If you hadn’t pursued science, what would you have done instead?
“I would have been an actress or a painter. I acted in almost all of my school plays from first grade on, and in college I minored in fine art, specializing in theater and painting. I even attending The Lee Strasberg Theatre and Film Institute one summer for acting. And making art, mostly painting and drawing, has been a passion of mine from an early age. I was fortunate enough to have an art studio in college where I would go after class to paint late into the night. The fruits of my labor, including two 5×8 foot paintings, now adorn the walls of our living and dining room. I miss both painting and acting, but at some point, I had to make a career choice and science won. But whenever and wherever I can, I try to integrate the arts and sciences. They need and inspire each other.”
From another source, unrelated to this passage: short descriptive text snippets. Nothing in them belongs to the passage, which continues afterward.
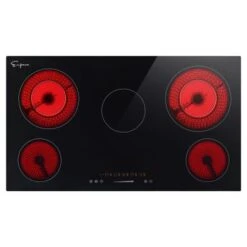 36" 5 Elements Radiant Electric Cooktop Including Dual Zone Element - 36"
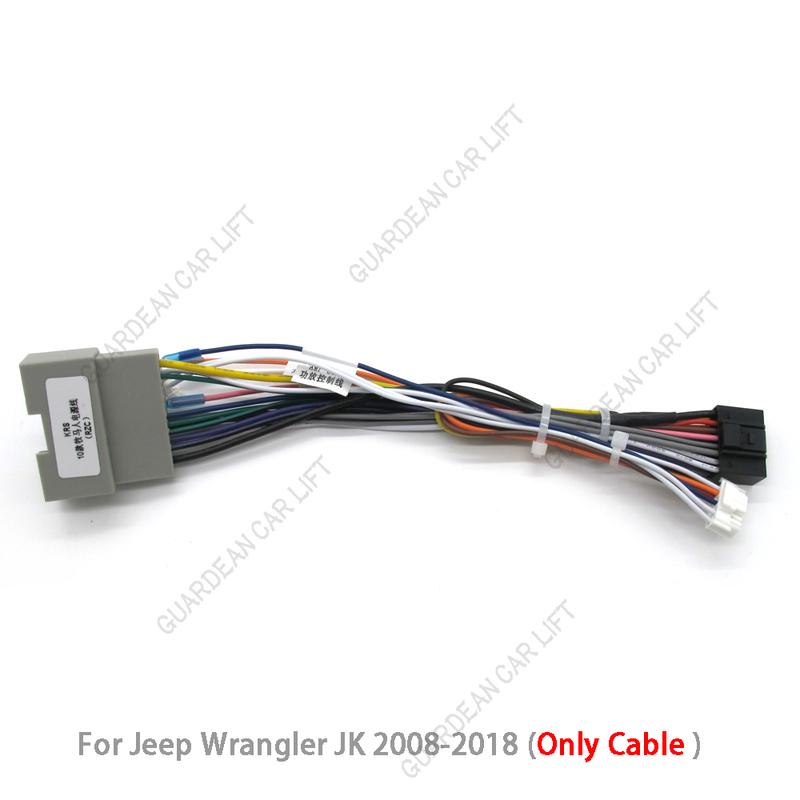 For Jeep Wrangler JK 2008-2018 Aftermarket DVD Radio Player Stereo Installation Car 16pin Android Wiring Harness With Canbus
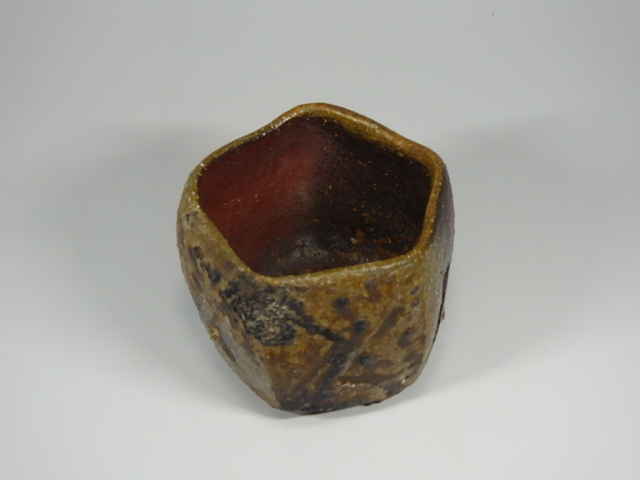 池田浄治（備前窯変五角ぐい飲み）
What is the funniest/strangest thing you have seen in NYC
“A pink and white unicorn on a rainy street corner! Ok, it was second hand, but my friend texted me photographic evidence (photo courtesy: Elise Perrine).”
If you were a lab animal/model organism, which would you be and why?
“I would not want to be lab animal. Their lives are not great. I’m not against other scientists doing animal research if it’s for the greater good, but I don’t do it myself, except on Homo sapiens who can give consent. But it might be interesting to be a brain organoid (i.e., a mini-brain in a petri dish) for a minute or two, just to see what it feels like and if I’m conscious or not.”
If the building was burning, what single item would you grab as you ran out the door and why?
“My kids! Do I need a reason? As a scientist I know the reason has something to do with evolutionary selection for behavior that preserves copies of genes, but as a mother it’s because they’re the most important thing in the world to me. Or, if the kids weren’t in the building, then definitely my iPhone and laptop. Maybe that’s why Apple is so successful as a company, because we’ve imprinted our kinship instincts onto their brand. That should be their new slogan: “Apple gadgets, the next best thing to your kids.”